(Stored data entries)
═══
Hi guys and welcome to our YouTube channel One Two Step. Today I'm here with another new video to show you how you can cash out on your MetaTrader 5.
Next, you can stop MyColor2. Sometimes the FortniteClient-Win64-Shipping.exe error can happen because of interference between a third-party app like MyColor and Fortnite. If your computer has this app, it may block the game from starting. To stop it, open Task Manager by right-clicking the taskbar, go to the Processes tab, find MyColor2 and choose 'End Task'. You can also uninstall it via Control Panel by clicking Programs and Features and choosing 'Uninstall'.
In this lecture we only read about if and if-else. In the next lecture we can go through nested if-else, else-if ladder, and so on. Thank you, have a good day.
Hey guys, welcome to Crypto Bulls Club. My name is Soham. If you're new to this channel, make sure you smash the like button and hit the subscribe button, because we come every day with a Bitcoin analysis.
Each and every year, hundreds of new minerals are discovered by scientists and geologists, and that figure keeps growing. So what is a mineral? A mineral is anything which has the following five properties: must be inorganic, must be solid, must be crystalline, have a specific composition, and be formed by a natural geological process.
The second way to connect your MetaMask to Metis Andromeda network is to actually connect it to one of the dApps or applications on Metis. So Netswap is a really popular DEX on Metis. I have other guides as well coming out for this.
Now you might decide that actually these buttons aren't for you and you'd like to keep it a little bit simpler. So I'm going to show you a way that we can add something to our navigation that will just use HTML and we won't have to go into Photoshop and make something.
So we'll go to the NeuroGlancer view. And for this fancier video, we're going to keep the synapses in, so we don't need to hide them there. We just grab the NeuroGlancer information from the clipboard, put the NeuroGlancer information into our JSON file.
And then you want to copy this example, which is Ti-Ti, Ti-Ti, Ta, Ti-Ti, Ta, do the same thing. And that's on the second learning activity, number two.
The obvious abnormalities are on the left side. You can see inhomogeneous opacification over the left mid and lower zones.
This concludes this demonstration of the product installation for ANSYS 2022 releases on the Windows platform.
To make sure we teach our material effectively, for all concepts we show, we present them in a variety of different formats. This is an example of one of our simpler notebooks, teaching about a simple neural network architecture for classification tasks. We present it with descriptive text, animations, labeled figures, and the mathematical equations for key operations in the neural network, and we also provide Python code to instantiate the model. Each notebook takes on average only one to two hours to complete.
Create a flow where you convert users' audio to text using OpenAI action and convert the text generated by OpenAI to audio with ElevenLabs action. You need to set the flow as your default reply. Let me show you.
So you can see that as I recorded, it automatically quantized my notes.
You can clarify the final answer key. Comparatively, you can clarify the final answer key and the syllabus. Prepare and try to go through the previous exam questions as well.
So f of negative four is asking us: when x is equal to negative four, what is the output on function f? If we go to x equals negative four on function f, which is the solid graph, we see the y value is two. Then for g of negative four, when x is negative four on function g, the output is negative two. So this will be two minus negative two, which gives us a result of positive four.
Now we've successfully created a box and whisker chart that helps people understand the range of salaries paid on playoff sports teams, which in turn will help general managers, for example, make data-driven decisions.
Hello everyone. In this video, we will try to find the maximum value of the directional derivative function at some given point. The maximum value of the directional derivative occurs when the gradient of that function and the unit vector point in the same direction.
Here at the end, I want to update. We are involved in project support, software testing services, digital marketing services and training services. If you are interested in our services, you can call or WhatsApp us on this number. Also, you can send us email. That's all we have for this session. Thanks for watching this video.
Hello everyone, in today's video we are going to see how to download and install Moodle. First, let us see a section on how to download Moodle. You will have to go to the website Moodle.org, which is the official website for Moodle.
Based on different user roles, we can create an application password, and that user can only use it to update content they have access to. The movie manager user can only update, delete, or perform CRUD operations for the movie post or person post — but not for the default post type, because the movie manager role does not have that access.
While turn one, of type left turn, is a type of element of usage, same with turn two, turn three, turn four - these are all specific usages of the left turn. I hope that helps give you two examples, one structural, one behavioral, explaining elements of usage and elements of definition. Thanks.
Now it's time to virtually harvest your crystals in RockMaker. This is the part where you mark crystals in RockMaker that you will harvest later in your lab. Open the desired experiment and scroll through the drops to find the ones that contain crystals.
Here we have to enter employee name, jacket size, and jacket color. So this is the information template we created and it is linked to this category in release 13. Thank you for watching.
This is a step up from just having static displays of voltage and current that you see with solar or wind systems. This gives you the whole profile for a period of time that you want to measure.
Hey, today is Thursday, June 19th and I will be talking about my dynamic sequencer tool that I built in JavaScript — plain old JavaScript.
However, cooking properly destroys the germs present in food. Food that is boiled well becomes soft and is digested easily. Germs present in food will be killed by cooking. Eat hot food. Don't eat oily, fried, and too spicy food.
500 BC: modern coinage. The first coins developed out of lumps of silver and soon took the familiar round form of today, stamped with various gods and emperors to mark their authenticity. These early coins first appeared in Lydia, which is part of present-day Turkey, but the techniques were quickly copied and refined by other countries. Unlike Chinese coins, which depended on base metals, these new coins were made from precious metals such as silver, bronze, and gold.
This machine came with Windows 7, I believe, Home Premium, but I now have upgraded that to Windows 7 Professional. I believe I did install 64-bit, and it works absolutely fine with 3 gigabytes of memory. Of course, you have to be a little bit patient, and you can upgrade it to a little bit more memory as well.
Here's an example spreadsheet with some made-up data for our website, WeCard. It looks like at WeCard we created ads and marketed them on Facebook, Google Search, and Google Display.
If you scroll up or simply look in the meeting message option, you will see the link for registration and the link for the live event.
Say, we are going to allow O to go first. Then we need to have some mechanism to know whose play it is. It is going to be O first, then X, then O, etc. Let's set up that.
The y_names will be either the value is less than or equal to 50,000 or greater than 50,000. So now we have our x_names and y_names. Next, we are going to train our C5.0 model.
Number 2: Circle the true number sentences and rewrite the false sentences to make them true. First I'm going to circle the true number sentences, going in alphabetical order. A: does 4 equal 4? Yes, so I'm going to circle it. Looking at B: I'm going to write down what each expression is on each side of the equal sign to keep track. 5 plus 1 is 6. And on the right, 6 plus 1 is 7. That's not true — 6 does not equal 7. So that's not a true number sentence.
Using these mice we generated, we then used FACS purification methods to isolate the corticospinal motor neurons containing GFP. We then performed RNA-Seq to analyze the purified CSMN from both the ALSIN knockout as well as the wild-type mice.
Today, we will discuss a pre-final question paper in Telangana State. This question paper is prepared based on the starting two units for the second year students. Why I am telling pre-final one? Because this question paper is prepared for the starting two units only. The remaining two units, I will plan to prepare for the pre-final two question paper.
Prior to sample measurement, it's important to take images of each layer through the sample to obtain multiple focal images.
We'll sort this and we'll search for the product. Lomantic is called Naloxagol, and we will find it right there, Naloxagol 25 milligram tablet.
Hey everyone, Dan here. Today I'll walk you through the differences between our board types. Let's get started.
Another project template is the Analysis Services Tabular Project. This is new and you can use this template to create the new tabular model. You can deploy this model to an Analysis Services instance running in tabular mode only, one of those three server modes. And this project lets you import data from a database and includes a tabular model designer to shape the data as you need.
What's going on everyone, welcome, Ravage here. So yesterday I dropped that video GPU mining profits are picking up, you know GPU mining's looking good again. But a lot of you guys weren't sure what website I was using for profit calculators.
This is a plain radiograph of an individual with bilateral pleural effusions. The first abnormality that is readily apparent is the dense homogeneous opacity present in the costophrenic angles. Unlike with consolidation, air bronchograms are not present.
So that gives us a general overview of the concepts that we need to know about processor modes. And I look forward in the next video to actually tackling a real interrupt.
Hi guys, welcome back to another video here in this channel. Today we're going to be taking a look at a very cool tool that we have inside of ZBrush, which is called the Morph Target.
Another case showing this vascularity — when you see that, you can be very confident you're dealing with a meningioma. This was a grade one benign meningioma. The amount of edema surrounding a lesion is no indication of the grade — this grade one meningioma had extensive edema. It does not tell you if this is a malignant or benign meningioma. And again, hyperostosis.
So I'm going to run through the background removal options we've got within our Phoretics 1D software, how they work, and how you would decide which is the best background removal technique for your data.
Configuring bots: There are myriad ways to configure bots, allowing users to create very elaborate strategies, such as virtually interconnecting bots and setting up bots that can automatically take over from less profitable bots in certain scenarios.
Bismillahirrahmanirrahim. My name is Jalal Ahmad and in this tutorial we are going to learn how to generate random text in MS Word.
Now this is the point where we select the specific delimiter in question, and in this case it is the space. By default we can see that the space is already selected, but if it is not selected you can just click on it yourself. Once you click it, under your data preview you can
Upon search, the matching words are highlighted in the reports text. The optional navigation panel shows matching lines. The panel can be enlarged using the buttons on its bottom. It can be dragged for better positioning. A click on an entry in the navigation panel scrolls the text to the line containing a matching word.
═══
◆ Exercise details
When the records above are checked line by line, how many lines contain the word "watching"? Please give only that number.

◆ Reply
2